───── RAW DATA

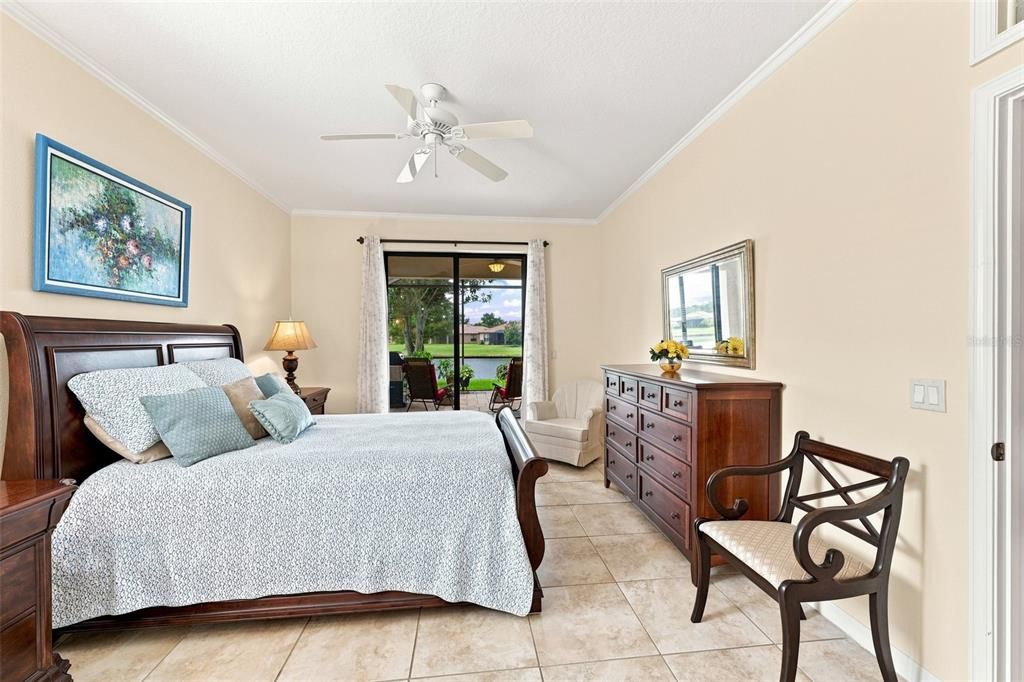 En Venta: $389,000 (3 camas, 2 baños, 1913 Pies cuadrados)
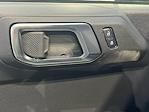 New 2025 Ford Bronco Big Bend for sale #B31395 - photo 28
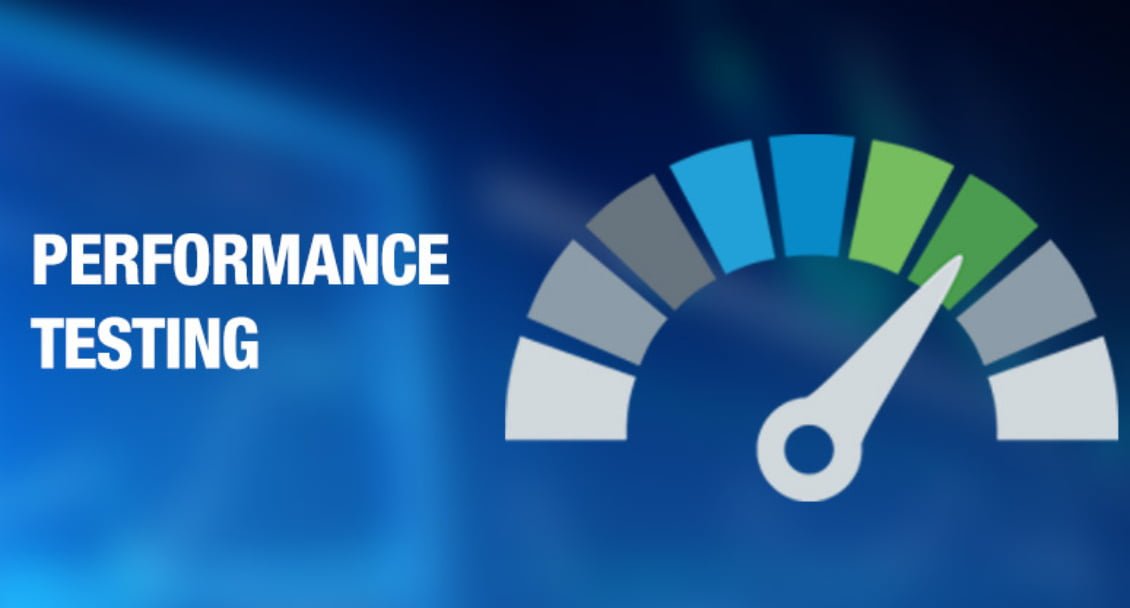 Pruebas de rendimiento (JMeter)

──────────

THE PROBLEM: Everything in the data above, apart from the pictures, should be retyped exactly.

TASK RESPONSE:
 En Venta: $389,000 (3 camas, 2 baños, 1913 Pies cuadrados)
 New 2025 Ford Bronco Big Bend for sale #B31395 - photo 28
 Pruebas de rendimiento (JMeter)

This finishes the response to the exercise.